Of these zones, the ventral zone is, on average, the largest zone, covering almost 90% of the organism's ventral area. In the ventral zone, the photophores are distributed with increasing density towards the midline, a pattern that matches the way surface light is seen from below.

==== Mechanism ====
There is some debate about the exact mechanism of Etmopterus splendidus bioluminescence, although it is agreed that Etmopterus species utilize intrinsic and not symbiotic bioluminescence. The debate centers around the presence of a lucerfin system that uses coelenterazine and coelenterazine-dependent luciferase in the photophores of Etmopterus species. Some papers have found none of these compounds to be present while others have. Defense of the usage of this form of bioluminescence stems from the detection of these compounds in samples of Etmopterus species' skin as well as the hypothesized feeding of Etmopterus species on luminous copepods and comb jellies that contain coelenterazine, a manner of obtaining coelenterazine found in other bioluminescent species. Continued detection of coelenterazine and the related luciferase are needed to confirm the mechanism used, and evidence of Etmopterus eating these species.

Bioluminescence in splendid lanternsharks is controlled by both hormonal and neurological means. Melatonin (MT) and prolactin (PRL) have been found to be light-inducing hormones; α-melanocyte stimulating hormone has been found to be a light-inhibiting hormone; and GABA has been found to be a light-inhibiting neurotransmitter.

While many species alter the intensity of the light they produce in order to mimick the changes of surface light intensity, splendid lanternsharks - like other bioluminescent sharks - produce a constant light but change their depth to adjust how potential predators below them see the light.

==== Behavioral ====
Skin photophores surrounding the defensive dorsal spines present on E. splendidus show a pattern supporting an aposematic function for the bioluminescence of this species. Aposematism is the use of warning coloration to inform potential predators that an animal is poisonous or venomous. Despite the absence of poison or venom in E. splendidus, aposematic mimicry is believed to be used in its bioluminescence surrounding these defensive dorsal spines. This mechanism was documented for the first time in situ by video recordings in 2016.

E. splendidus has a translucent area present in its upper eye orbit which plays a part in a reference system for counterillumination adjustments. This unique feature also acts as a spectral filter for camouflage breaking. Rental specializations amongst these sharks aid in prey detection and help reflect lifestyle differences between very similar species of deep sea sharks such as Etmopterus spinax and Etmopterus molleri. These bioluminescent sharks possess higher rod densities, which might provide them with improved temporal resolution - particularly useful for bioluminescent communication during social interactions.
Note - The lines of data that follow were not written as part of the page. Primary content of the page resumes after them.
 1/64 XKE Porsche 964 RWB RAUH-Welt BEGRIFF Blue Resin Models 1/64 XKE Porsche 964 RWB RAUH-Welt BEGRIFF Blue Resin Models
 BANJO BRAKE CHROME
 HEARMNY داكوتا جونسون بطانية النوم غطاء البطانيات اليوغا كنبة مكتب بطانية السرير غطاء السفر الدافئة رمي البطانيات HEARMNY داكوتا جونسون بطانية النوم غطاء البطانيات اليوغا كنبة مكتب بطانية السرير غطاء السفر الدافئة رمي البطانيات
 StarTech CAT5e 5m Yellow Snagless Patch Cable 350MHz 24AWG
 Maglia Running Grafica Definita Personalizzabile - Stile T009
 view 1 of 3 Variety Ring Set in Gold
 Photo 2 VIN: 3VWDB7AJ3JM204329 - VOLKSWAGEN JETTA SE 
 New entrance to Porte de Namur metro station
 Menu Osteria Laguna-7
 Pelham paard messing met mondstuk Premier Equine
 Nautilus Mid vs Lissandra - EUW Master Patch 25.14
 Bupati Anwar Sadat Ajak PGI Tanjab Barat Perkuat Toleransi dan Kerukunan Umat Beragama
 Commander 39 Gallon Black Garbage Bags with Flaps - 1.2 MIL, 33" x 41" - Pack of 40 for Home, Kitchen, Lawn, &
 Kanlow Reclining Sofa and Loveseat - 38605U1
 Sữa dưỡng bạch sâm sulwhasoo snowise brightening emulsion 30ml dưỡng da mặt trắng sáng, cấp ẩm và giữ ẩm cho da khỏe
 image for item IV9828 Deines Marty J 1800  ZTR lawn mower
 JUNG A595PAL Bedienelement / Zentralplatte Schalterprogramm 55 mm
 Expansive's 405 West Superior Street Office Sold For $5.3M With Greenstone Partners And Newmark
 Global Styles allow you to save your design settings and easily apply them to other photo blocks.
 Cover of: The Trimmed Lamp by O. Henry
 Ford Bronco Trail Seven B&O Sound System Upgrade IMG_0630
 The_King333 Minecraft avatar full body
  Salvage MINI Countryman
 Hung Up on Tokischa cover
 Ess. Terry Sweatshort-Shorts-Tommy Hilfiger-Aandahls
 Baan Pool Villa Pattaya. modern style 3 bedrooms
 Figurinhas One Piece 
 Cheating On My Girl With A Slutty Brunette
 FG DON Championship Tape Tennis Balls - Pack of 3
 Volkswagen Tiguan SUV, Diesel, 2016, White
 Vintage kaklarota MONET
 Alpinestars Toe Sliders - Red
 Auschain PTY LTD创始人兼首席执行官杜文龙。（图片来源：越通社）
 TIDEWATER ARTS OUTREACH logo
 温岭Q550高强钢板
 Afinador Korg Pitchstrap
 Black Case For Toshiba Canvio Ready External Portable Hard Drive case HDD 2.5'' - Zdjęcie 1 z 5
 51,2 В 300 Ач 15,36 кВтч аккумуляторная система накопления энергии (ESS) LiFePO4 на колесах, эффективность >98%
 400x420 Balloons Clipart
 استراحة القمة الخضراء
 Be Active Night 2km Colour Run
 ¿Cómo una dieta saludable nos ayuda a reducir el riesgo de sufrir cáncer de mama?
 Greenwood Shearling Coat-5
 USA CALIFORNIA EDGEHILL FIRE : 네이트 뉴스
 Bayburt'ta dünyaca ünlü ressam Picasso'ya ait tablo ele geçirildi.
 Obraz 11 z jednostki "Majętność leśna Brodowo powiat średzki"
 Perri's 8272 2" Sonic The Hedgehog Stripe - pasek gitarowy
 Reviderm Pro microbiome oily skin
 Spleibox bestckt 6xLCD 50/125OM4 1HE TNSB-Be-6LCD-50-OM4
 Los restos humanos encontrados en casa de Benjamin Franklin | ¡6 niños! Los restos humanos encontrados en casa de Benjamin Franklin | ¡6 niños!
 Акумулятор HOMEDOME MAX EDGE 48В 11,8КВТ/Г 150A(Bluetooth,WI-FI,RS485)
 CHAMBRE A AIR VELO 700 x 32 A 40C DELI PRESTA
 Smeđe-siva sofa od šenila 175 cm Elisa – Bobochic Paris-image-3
Luminous Etmopterus sharks swim faster than other deep sea species. Different swimming speeds and tail beat frequencies have been observed amongst these deep sea species via high definition digital imaging coupled with large fish traps deployed simultaneously to these video systems. Also, using these same cameras and traps, length values were measured using a special software - MatLab - between 2009 and 2012. Little to no observed size change was recorded with depth.